Johns Hopkins Fired Researcher for Using Bolt Cutters to Check on Computer Servers

, Spencer Irvine, Leave a comment

Daniel Povey, a speech recognition researcher, was an employee of Johns Hopkins University in Baltimore, Maryland until this past May. During a student protest about the university’s ties to the Immigration and Customs Enforcement agency, the students occupied Garland Hall, an administrative building on-campus.

The protesters chained themselves inside the building and prevented freedom of movement by university officials and administrators. Povey’s research was housed in Garland Hall, and concerned about his research, he used bolt cutters to enter the building.

He claimed that after several server failures, he was concerned that his research was in jeopardy and went to check on the servers. But he was thrown out of the building and the university did not agree with his actions, later firing him.
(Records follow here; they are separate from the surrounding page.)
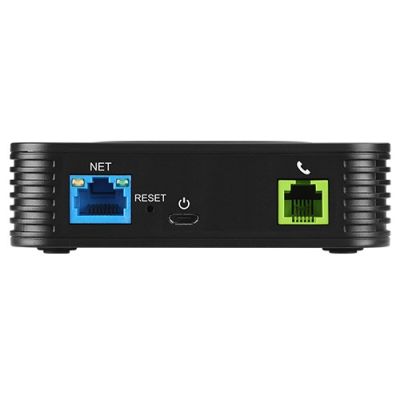 5. GRANDSTREAM BRAMKA VOIP HT 801v2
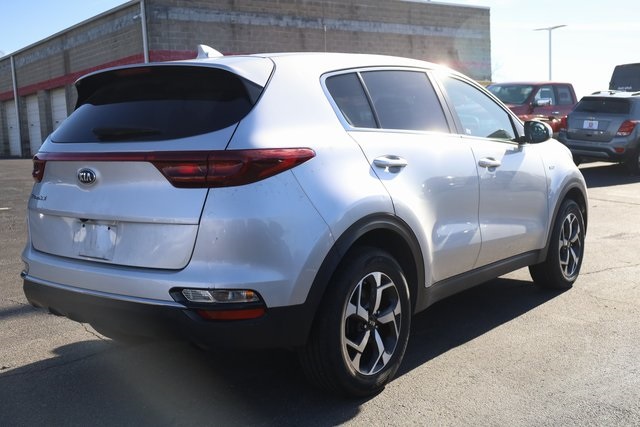 2020 Kia Sportage LX 5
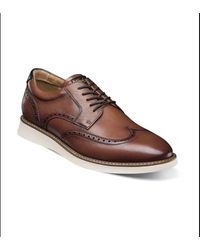 Florsheim - Launch Wingtip Oxford - Lyst
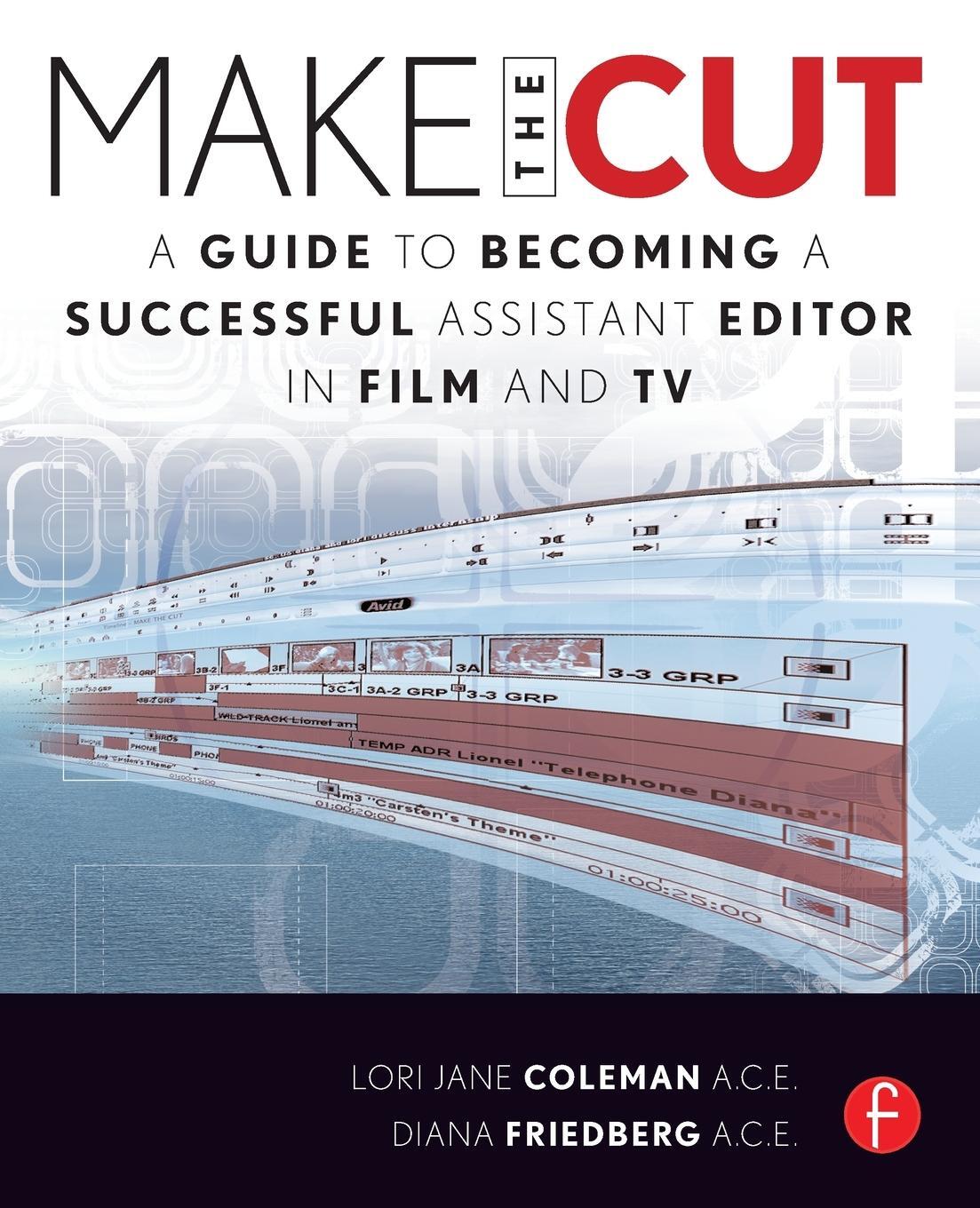 Cover: 9780240813981 | Make the Cut | Lori Coleman (u. a.) | Taschenbuch | Paperback | 2015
The university sent him a termination letter, which, in part read, “The safety, security, and protection of our students and others are of paramount importance to the University.”

Povey claimed he was “being fire[d] for what might have happened, while students are getting off scot-free for things that actually did happen.” Povey did not, in his own words, create a potentially-violent situation and instead, said that the student protesters scratched him and threw punches at him when he entered the building.

After his firing, Povey published a letter on his website that included the line, “White males in this environment seem to be expected to constantly atone for their existence by telegraphing their exclusive concern for every demographic group but their own, like a neutered puppy-dog or some Justin Trudeau man-child.”

He worked as a Facebook contractor previously, and after his firing, he was offered a full-time position at the company. But the company said he would only become a full-time employee after the conclusion of an investigation into his firing at Johns Hopkins. He could continue work as a contractor for six weeks until the investigation concluded, but he could not set foot on company grounds until after the investigation was over.

Povey declined the full-time offer due to the contingency of an investigation of his firing and said he will pursue work at either a start-up or a foreign company.